The past is the past when it comes to the Giants. President of baseball operations Farhan Zaidi is overseeing a new era of baseball in San Francisco, and the 2019 MLB Draft will be a big step for the future.
With the draft less than two weeks away, it's starting to become clear who the Giants could be eyeing.
ESPN's Keith Law, who hasn't released a mock draft since May 6, had the team selecting Florida high school pitcher Matt Allan at No. 10 overall.
But multiple outlets now have the Giants deciding between two college prospects.
CBS Sports' Mike Axisa and FanGraphs' Eric Longenhagen and Kiley McDaniel have the Giants taking UNLV shortstop Bryson Stott, while MLB.com's Jim Callis and Bleacher Report's Joel Reuter are giving San Francisco right-handed pitcher Alek Manoah out of West Virginia University.
Here's a look at the two prospects.
Bryson Stott, SS, UNLV
Stott, 6-foot-3 and 200 pounds, was named All-America Third Team last year as a sophomore and has been even better this season. Through 51 games, the left-handed hitting infielder is batting .369 with 10 home runs and a 1.134 OPS. He also has 13 more walks (50) than strikeouts (37).

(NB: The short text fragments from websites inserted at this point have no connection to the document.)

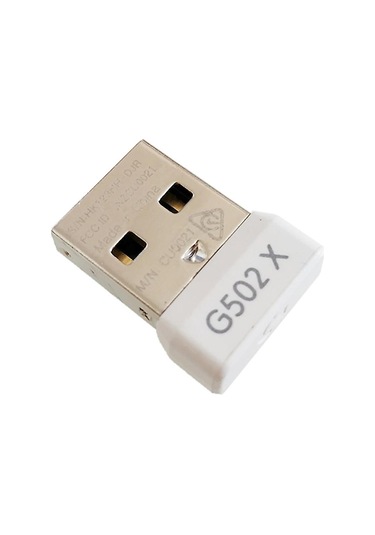 Logitech G502x G502x Plus Kablosuz Oyun Faresi Fmy İçin Adaptörler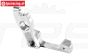 FG66215 Alu-Motorsteun groot 4WD, 1 st.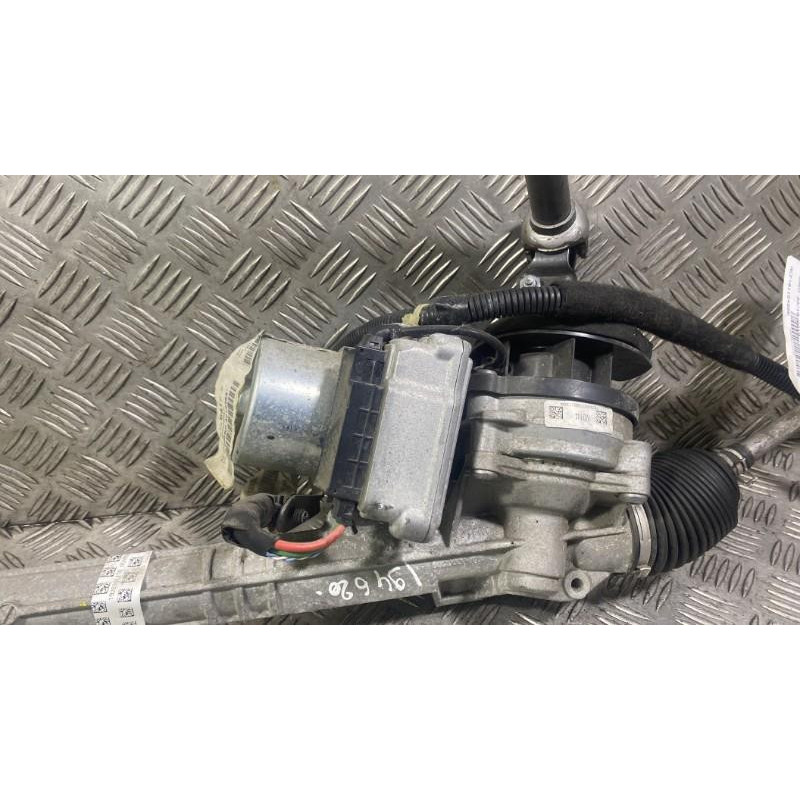 Cremaillere assistee CITROEN C4 CACTUS Photo n°4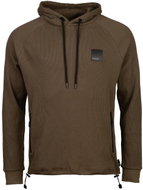 Nash Lightweight Hoody Velikost XXXL - Mikina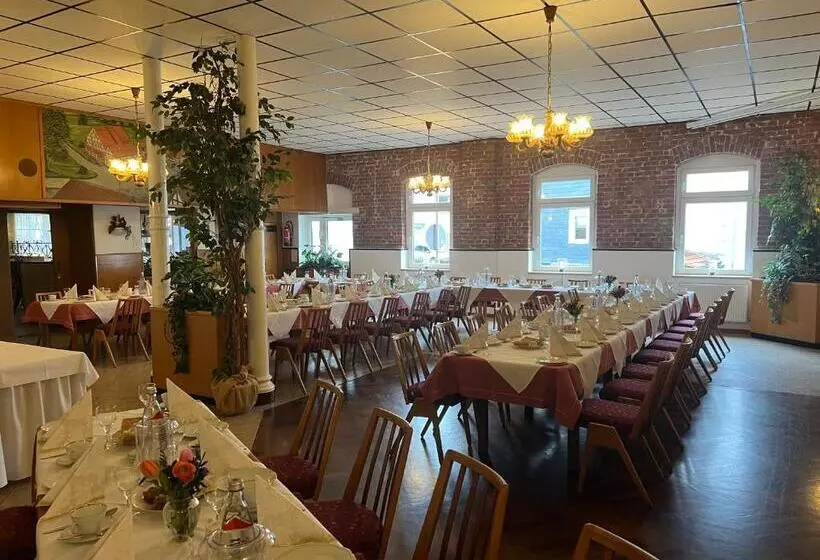 فندق Orthwein Kostenfreie Parkplatze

"He is often compared to Brandon Crawford (more for his build and bat; he’s not that level of defender), and fits the various tendencies of new GM Farhan Zaidi and new scouting director Michael Holmes," FanGraphs says about Stott.
The 21-year-old is considered the best college infielder and could have a quick path to the pros. He was the USA Baseball’s Collegiate National Team starting shortstop last summer and is currently Baseball America's No. 10 ranked draft prospect.
Alek Manoah, RHP, West Virginia
Manoah looks like the exact type of pitcher you'd think of knowing he's from Miami but plays college baseball in West Virginia. He stands at 6-6 and 260 pounds, sports a thick beard, tattoos down his right throwing arm and sometimes misses a button or two on his jersey.
And he rarely gets hit.
Manoah is 8-3 with a 1.91 ERA as a junior this season. He has 125 strikeouts in 94.1 innings pitched and has struck out at least 10 batters six times.
Though he needs to work on his command -- Manoah has seven wild pitches this year -- he's known to throw in the upper 90s and is ranked as Baseball America's 13th best prospect.